Continued blackouts in several regions along the U.S. East coast revealed how the new age devices became crippled with lack of power supply. Blackouts limited the ability to communicate with people who matter most, the Washington Post has reported.
Though it is known that traditional method of communication are among the most reliable in emergency, growing number of wireless homes in the U.S. show the marked preference among Americans for sleek gadgets that require electricity. This results in communication failure especially during extended hours of blackout with friends, family and emergency responders.
Several companies including AT&T, Verizon are paying the price for investing less in wireline networks and providers of Internet service urged the FCC to repurpose an $8 billion package to finance broadband internet instead of traditional phone lines in rural areas.

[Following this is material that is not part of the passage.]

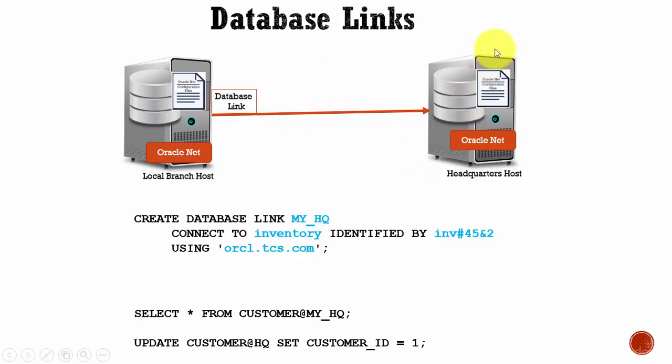The other database need not be an Oracle-based database. It can be any other database like Microsoft database, DB2 database, or Sybase.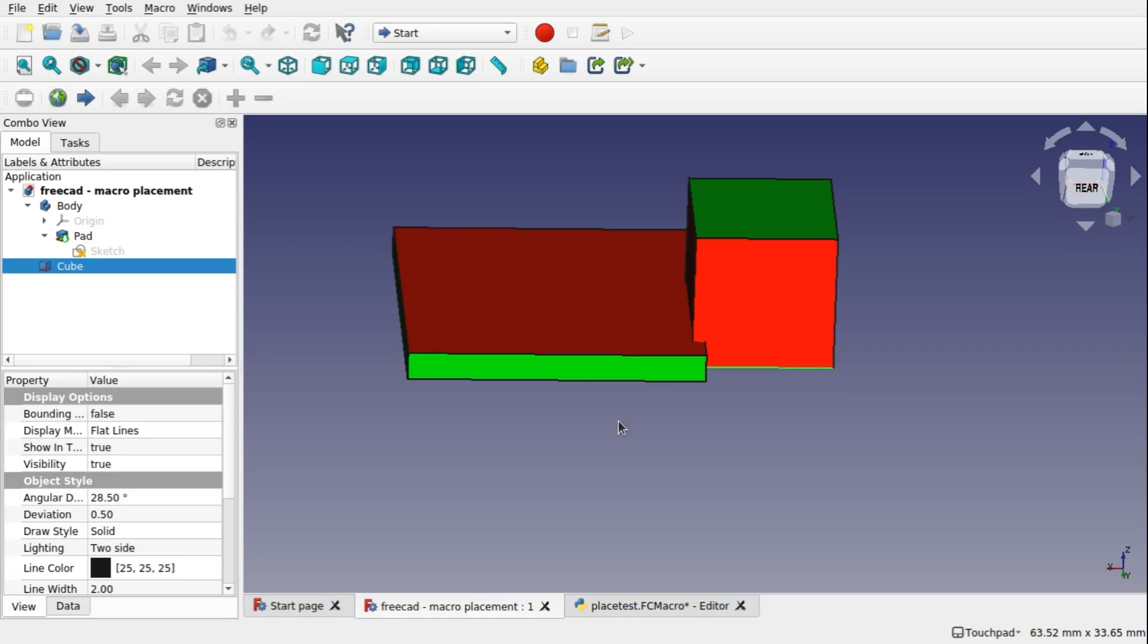Hi viewers and welcome back to the channel and welcome back to another episode of Learning Python from a FreeCAD Perspective for Beginners.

As landlines work even without electricity, wireless providers were urged to provide backup facility for cell tower to ensure reliable service. Though they decided to respond to emergencies with generators and extra cell towers, even the backup plan posed a problem as resources including gasoline became a rare commodity.
As 25 percent of cell towers in storm-affected regions went down and relief work became stalled by flooding and fallen trees, wireless service is yet to return to normal levels.
Despite their propensity to work without electricity, fixed-wire phones were not invulnerable as flooding cut off traditional phone lines in lower Manhattan.
Commenting on the situation, Brian Fontes, chief executive with the National Emergency Number Association, told the Washington Post: "There will always be disasters that are damaging to any form of communications. It's best not to rely on any one service."